Homer’s favourite pastimes include sitting on the couch while watching TV and drinking beer and going bowling and drinking beer. Homer’s trademark utterances are “D’oh!”, when things don’t work the way he thinks they should be working, and “Mmm...”, when being tempted. While not always being the perfect husband and father, he is always faithful to his wife and willing to do anything for his kids. His dramatic function is that of basically being a test subject at the mercy of the manipulating forces of the modern world: entertainment, commercials, even politics. Homer unawarely internalises what the various components of pop culture try to suggest: that violence is not that bad, mass-consumption of anything is a must and that nuclear power is the safest form of energy.
The character of Homer is a powerful dramatic tool, an awareness factor. By being so completely naive towards any influence of manipulation, he shakes the viewer, pointing precisely on the very manipulating influences relevant in our capitalistic popular culture.

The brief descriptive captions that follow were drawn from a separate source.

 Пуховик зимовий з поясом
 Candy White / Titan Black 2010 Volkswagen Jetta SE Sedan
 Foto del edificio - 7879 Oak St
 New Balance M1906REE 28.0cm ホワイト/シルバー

According to professor Paul A. Cantor at Virginia University, the show has been criticised for depicting the father as stupid, uneducated, weak in character and without morals (Cantor, 1998 p. 5f). Homer is all those things, but at least he is there. He fulfils the bare minimum of a father: he is present for his wife and above all his children. To be sure, he lacks many of the qualities we would like to see in the ideal father. He is selfish, often putting his own interest above that of his family. But at the same time Homer is willing to work to support his family, even in the dangerous job of nuclear power plant safety supervisor, a job made all the more dangerous by the fact that he is the one doing it.

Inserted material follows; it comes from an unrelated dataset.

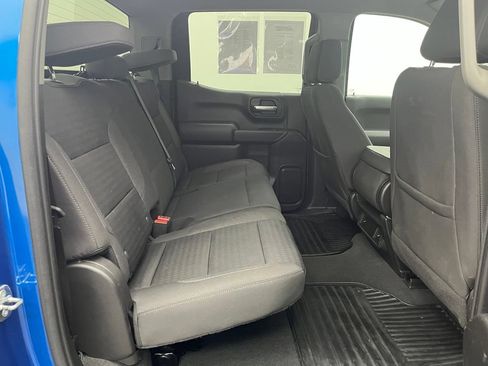 Used 2022 Chevrolet Silverado 1500 Custom AWD/4WD image 35
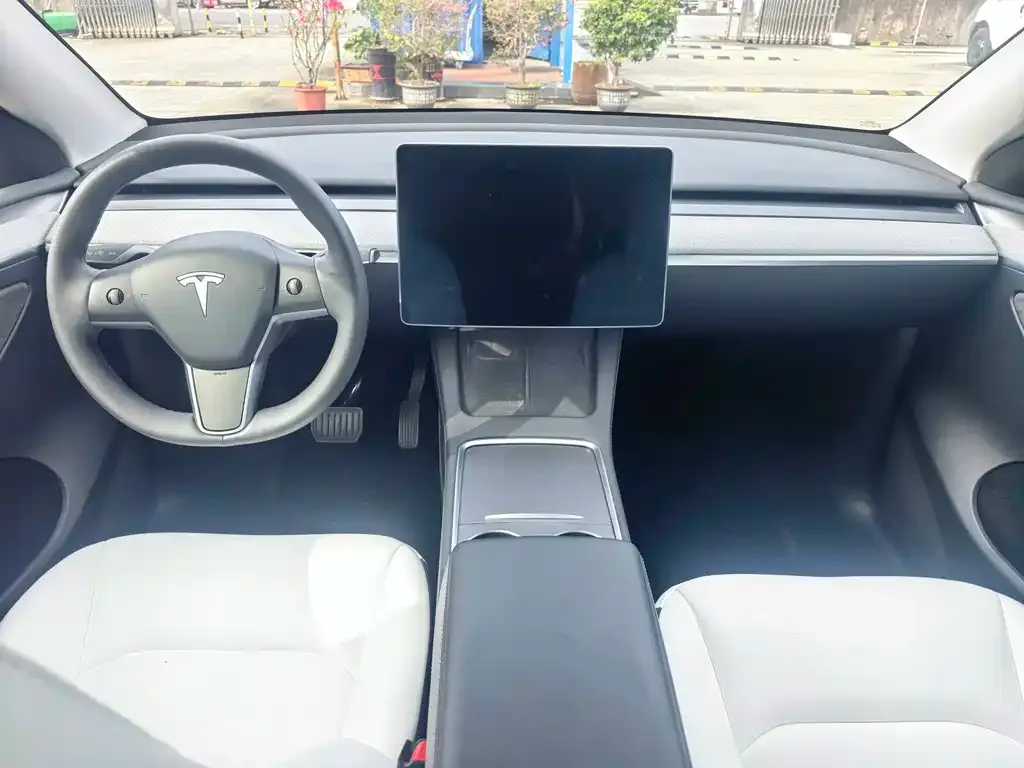 Tesla Model Y — фото 4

Take away all the qualities that make for a genuinely good father - wisdom, compassion, even temper, selflessness - and what you have left is Homer Simpson with his pure, mindless, dogged devotion to his family. That is why for all his stupidity, bigotry, and self-centred quality, we cannot hate Homer. He continually fails at being a good father, but he never gives up.
Author Bastian Vogl has this to say about Marge: Marge Simpson, 34, is an easily satisfied housewife that is proud of her family and content with the life she leads, although she sometimes tries to escape from her boring situation (Vogl, 2000 chapter ”1.1.2 Marjorie Bouvier-Simpson”). For instance, she fights against the lavish monorail Springfield decides to buy from the fine Mr. Burns has to pay for illegal disposal of nuclear waste. The fact that she does not succeed in avoiding its construction summarises that her tries to play an important role in society also fail, although her reservations were justified, as the monorail almost causes a disaster because of malfunction.

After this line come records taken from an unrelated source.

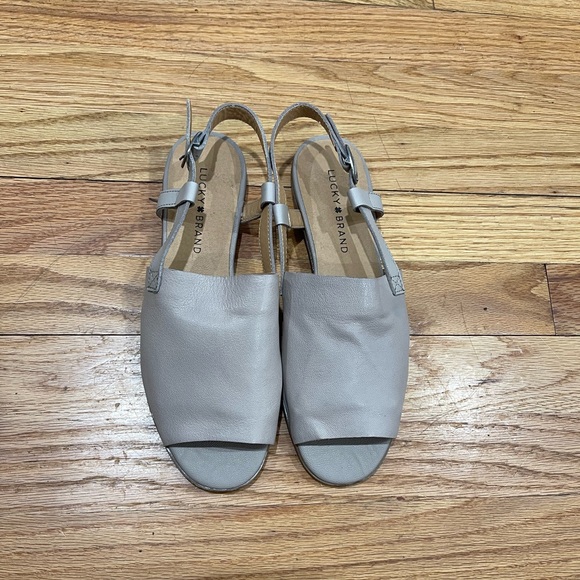 Lucky Brand CAMPBELL light Beige Taupe Leather Peep Toe Flat sling back size 8 - Picture 1 of 15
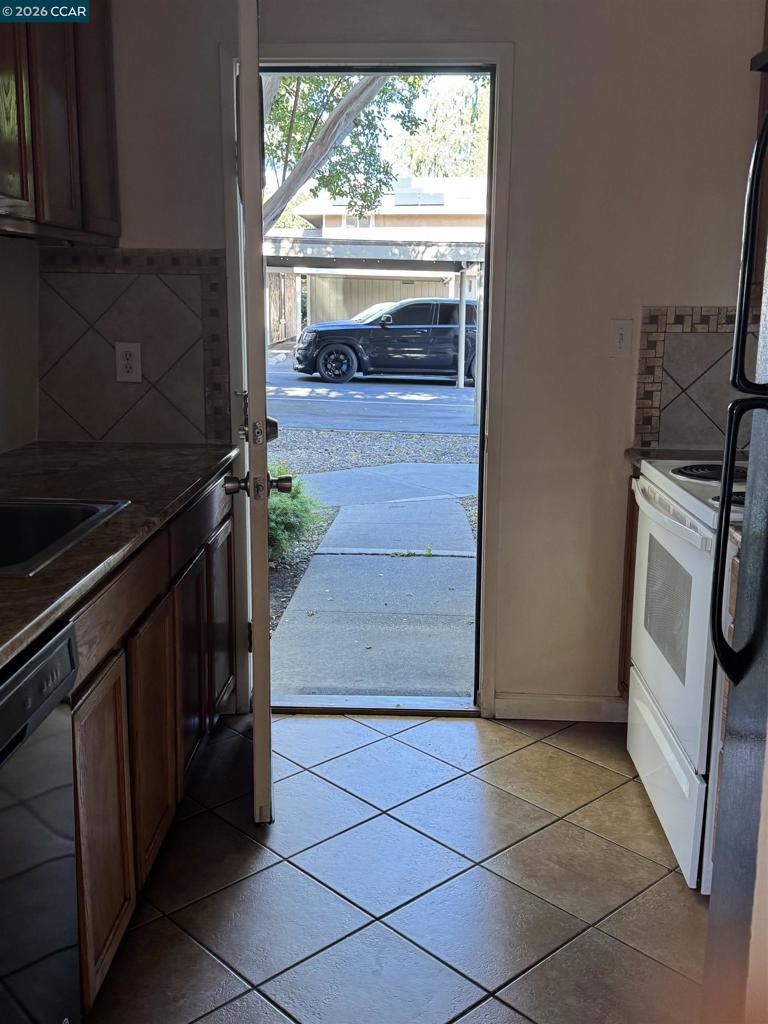 2007 Olivera Road Concord, CA 94520 - Photo 2 of 27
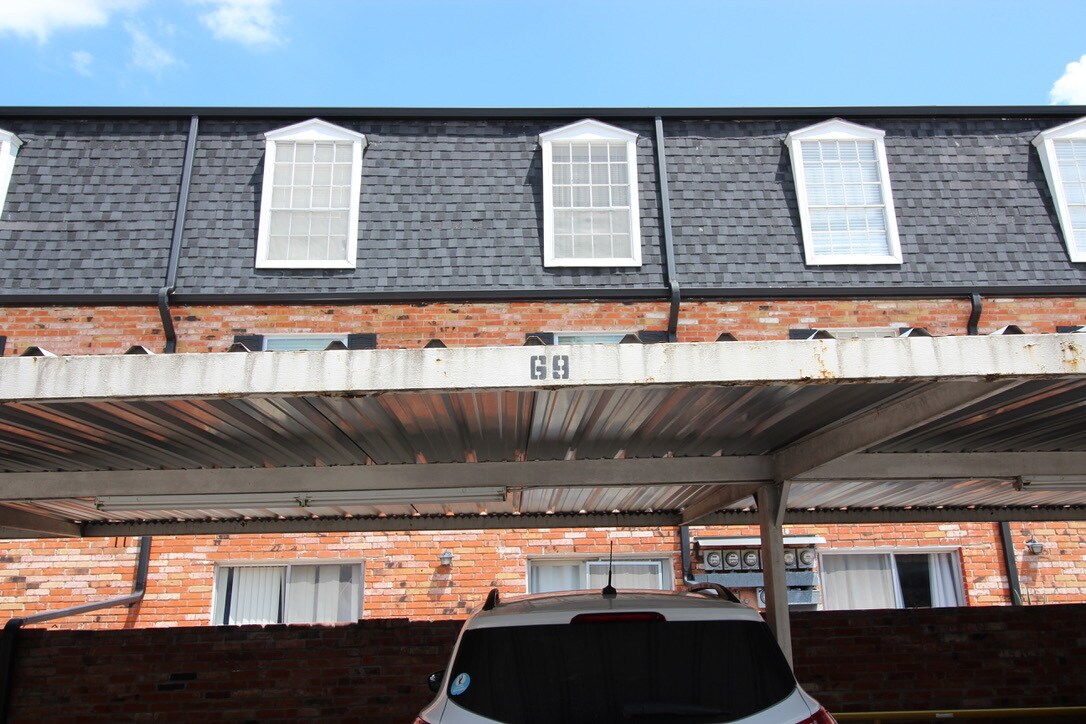 Building Photo - 8401 N New Braunfels Ave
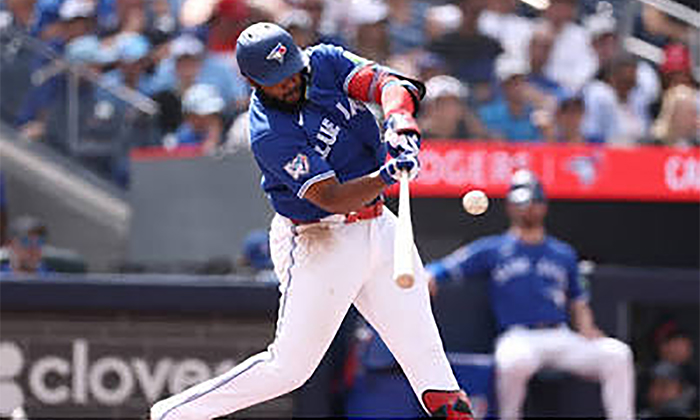 Toronto derrota a Orioles y acaricia boleto de comodín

Marge is the central part of the family, who, unlike Homer, really cares for her children, for instance by giving them advice that helps them solve their problems. One example would be the episode The Boy Who Knew Too Much, where Bart plays truant and witnesses a waiter being knocked down, which the mayor''''s nephew is wrongly accused of. Bart, who could clear him by admitting that he skipped class, for which he himself would be punished, finally asks his mother what to do. She understands her son’s problem and tells him, “Honey, you should listen to your heart, and not the voices in your head”, which makes Bart do the right thing in the end: he tells the truth. This also shows the relatively big influence Marge has on her children, because her relationship to them is, compared to her husband’s.
Gerd Steiger who was cited in the headline above gives the following description Marge: In her threefold role as loving wife, nurturing mother and busy homemaker, Marge partly fulfils the cliché of the typical, easily satisfied housewife (Steiger, chapter ”Marjorie Simpson”). She takes pride in her family, her home-sweet-home and in Marge’s case, in her long blue hair, dye #56. Marge, whose slightly rough voice displays a certain calmness and affection, without a doubt is the stabilising element, the thread that holds the Simpson family together. She is the centre and the anchor, in short: she is the family’s very own Mom. Marge does not always immediately know the right answers, as when she told Lisa always to smile even though Lisa was really unhappy, but in the end, she always manages to do or say the right thing.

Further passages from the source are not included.